I hate Bush a lot less today b/c he got busted saying "shit." I wish that wasn't the case, tho. First, I enjoy my loathing of the man. Why ruin a nasty thing? Second, I shouldn't know about it. Nor should anyone. I hate the (un-liberal) news media for making such a big deal out of it. I mean, really people. Shit? SOUTH PARK aired an entire episode where the boys just repeated the word 'shit' over and over again to see how many times they could get away with it, both within the show's context and in broadcast reality on Comedy Central. What does Brian Williams or an AP stringer say when they drop something? "Darn?" Want to hear real, genuine Presidential cussing? Check out the private tapes of Lyndon Johnson. FDR didn't exactly speak with the gentle tongue of a Bronte sister either. And I can only hope that during the Cuban Missile Crisis every other word uttered in the West Wing was "shit."

The world is in crisis. A whole lotta shit is going down. It's a shit mess out there. World leaders are gathered at the most influential circle jerk of the decade, the G-8, trying to get some shit done. That's serious shit. It's tense shit, too. Shit, if I were there, I'd be shitting my pants thinking, "Oh, shit! Is this mic on? Yes? Shit!"

posted by Shannon E. Ennis at Tuesday, July 18, 2006 | 0 comments

Friday, July 14, 2006

Sentinmental Surrender to Theme Songs

I had a weak moment while on iTunes today.
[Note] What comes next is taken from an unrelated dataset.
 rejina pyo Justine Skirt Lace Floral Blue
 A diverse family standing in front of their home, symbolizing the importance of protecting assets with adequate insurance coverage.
Here's what I downloaded:

  1. "Endless Love," a duet between Lionel Ritchie and Diana Ross from the movie Endless Love starring nubile Tom Cruise and Brooke Sheilds. They played teen sweethearts who had The Sex with each other.
  2. "Up Where We Belong" Yes, Virginia, another duet. This one features Joe Cocker and Jennifer Warnes and it's from the film An Officer and A Gentleman. "Way to go, Pam! Way to go!" "Mayonaise!"
  3. "I'd Die Without You," by P.M. Dawn from Eddie Murphy's Boomerang, a movie that told me I wasn't alone in my loathing of stank feet. Remember Grace Jones' perfume? "I call it 'AFTERBIRTH!'"

posted by Shannon E. Ennis at Friday, July 14, 2006 | 0 comments

Tuesday, July 11, 2006

Thanks For Answering My Prayer, God

I've been kinda restless, irritable, miserable and self-obsessed lately. When I feel like that I make some adjustments to the daily prayers b/c the usual meditations just won't do the trick. This morning, I asked God for ego deflation.
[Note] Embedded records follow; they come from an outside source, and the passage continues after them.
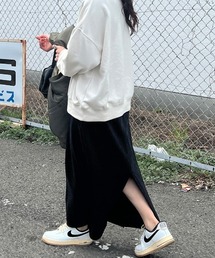 ISOOK | バックスリットスウェットスカート(chiica select) / ロングスカート スリットスカート 大人カジュアル(スカート)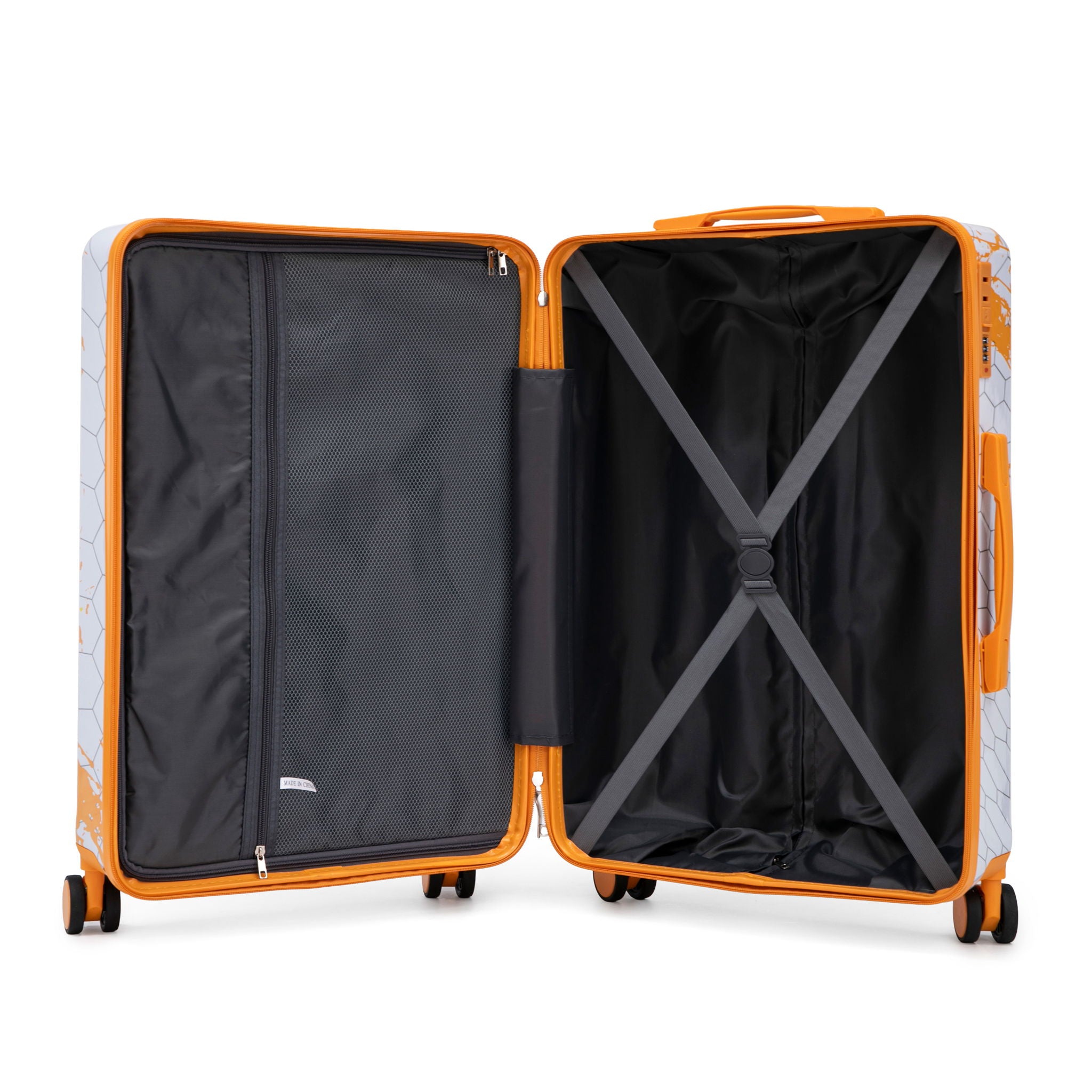 Luggage With Combination Lock, Lightweight Carry-On Suitcase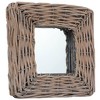 vidaXL Mirrors 3 pcs 5.9"x5.9" Wicker - 3 of 4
Upon arrival at my desk, I spilled my coffee all over myself--shirt, pants, socks, shoes, the whole shebang. Thankfully, after I'd completed The Shan rant, "Shit. Shit. Shit. Aaaah, shit!" I began to laugh b/c it was pretty freakin' funny. A waterfall of coffee washed over my desk and my lap was full of coffee, so much so that it looked like I creamed my shorts.

I wasn't going to sit around all day smelling like Dunkin Donuts. I wasn't going to walk around all day enduring the passing glances of strangers, folks who'd have to slap on their poker face while strolling past me, trying hard not to crack an "Ooops she crapped her pants" smile. Hell, I'd laugh at me, too.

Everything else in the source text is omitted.